Imagine water striking a water wheel. We can find the torque applied by calculating the force of the water and multiplying by the distance from the center.
To calculate force, we can use the formula F =$\ \frac{dp}{dt}$ .
However, I am confused about change in momentum. More specifically, when water hits the wheel, what will be the change in momentum? How can this be calculated?
To make the question easier, let's assume that a large drop of a certain mass m hits a stationary water wheel. Do we consider the water drop's final velocity to be zero at the point of impact? If not, how can we conceptually and mathematically determine the change in momentum, without experimenting?
Now, how about if the water wheel is already rotating. How can we conceptually imagine what the change in momentum would be (I assume lower than when the water wheel is stationary), and how can we mathematically calculate this if given real values?

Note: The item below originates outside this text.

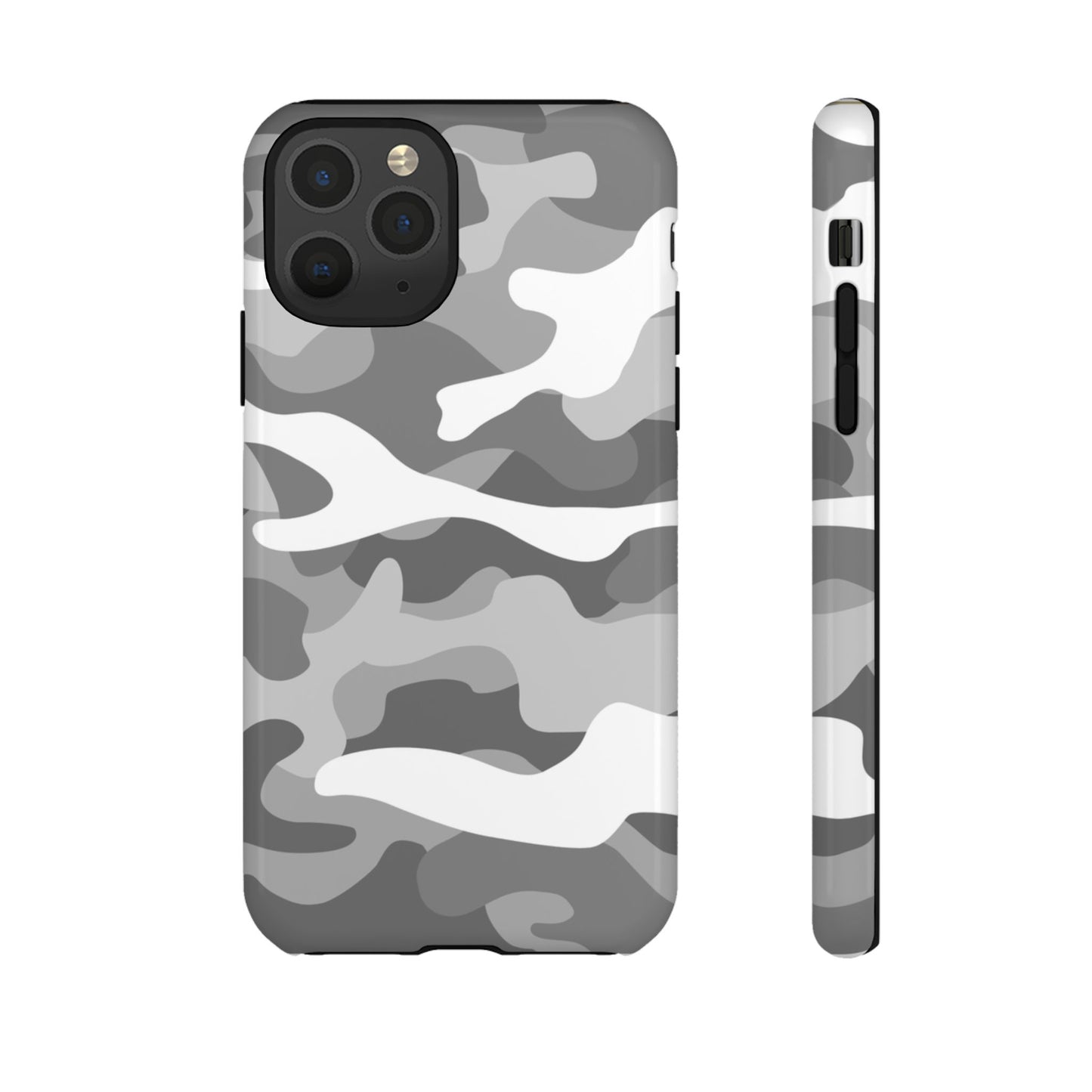 Tough Snow Phone Case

It is possible that there are other factors, such as static friction of water wheel or mass of water wheel, however, I am not sure what is needed to be accounted for, so if anyone can improve this problem, please comment of edit.
Thanks for any help.
Best Answer
The change in momentum is simply the difference between the momentum of the system before the event and the momentum of the system afterwards. Don't overthink it =)
The "correct" change in momentum depends on the exact shape of the water wheel, so your mileage may vary. However, a very reasonable first pass would be to assume the water "sticks" to the waterwheel. In this case, we can assume that the momentum of the water after the collision is exactly equal to the mass of the water multiplied by the tangental velocity of the wheel at the point where the water stuck.

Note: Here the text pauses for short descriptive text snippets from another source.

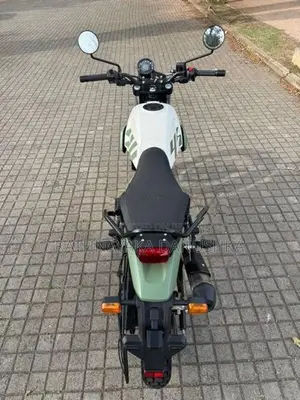 Royal Enfield Scram 440 2026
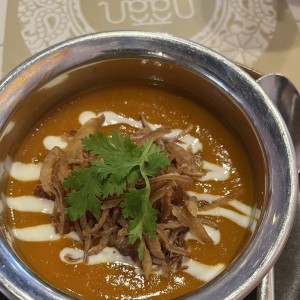 Sopa de tomate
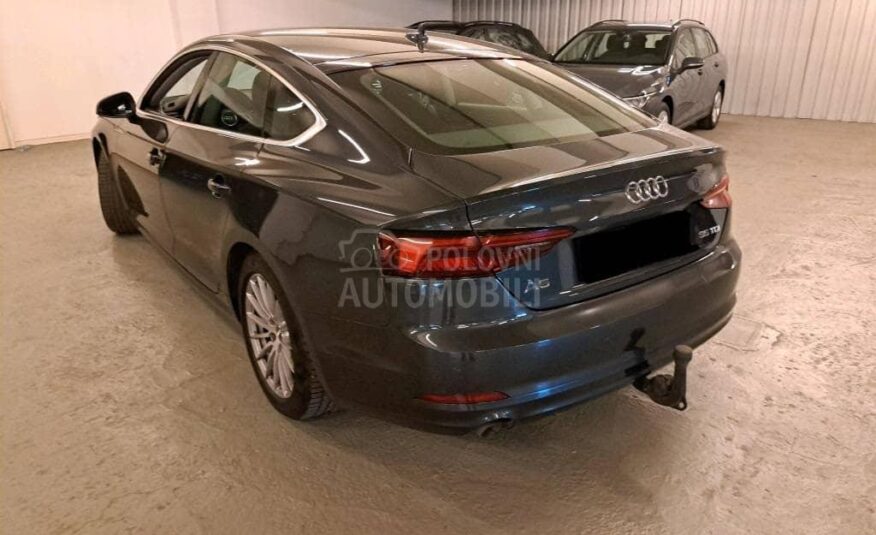 Audi A5 Sport/Koza/ S TRONIC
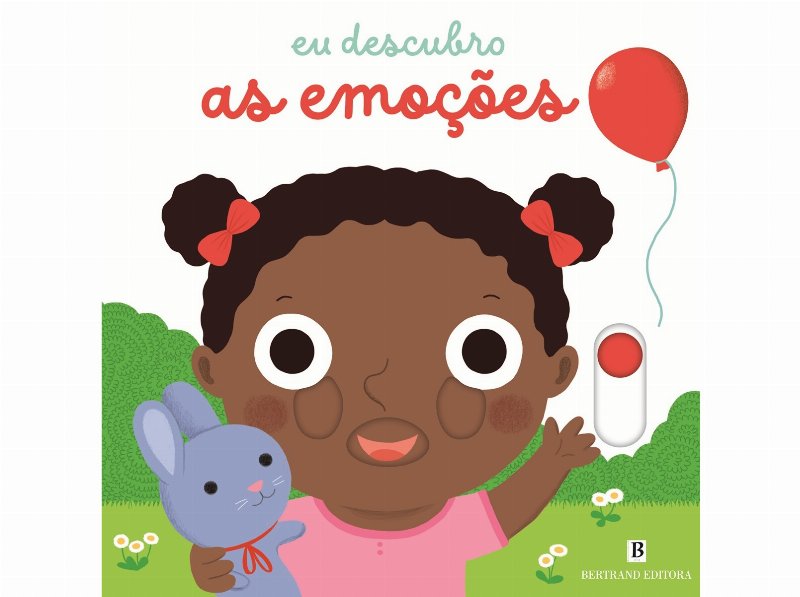 Livro Eu Descubro - As Emoções De Nathalie Choux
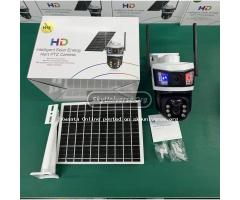 4G Solar Camera,Night Vision, Motion Tracking, IP66 Weatherproof, Wireless Security Camera - 7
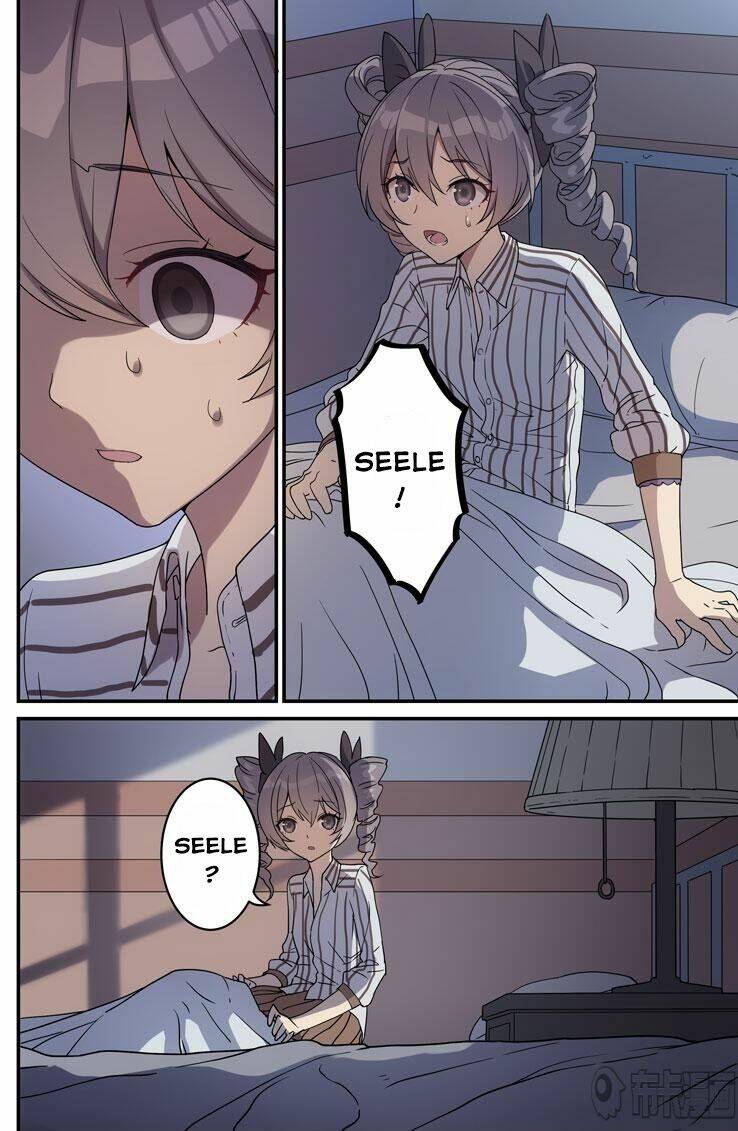 băng hoại 3rd chapter 28 3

However, given that you have a wheel rotating around a fixed point, it is easier to think in angular momentum. Angular momentum is also conserved, and the math is simpler. If you try to do this with just momentum, you'll have to consider how the forces are transmitted to the axel of the waterwheel. It'll yield the same answer, but using just linear momentum will require more math.
From this, we can put together a rough sketch of how a water wheel starts spinning. Start with the wheel at a standstill. One drop falls onto the wheel. Before the drop falls, the angular momentum of the drop is its mass multiplied by its downward velocity multiplied by its distance from the wheel (this is the definition of the angular momentum of a point mass), and the momentum of the waterwheel is zero. After the drop falls and "sticks" to the wheel, the momentum of the entire system is the angular velocity of the wheel after the collision multiplied by the moment of inertia of the waterdrop-waterwheel system. We can solve for this to see that the waterdroop-waterwheel system will start to turn ever so slightly, because of the collision.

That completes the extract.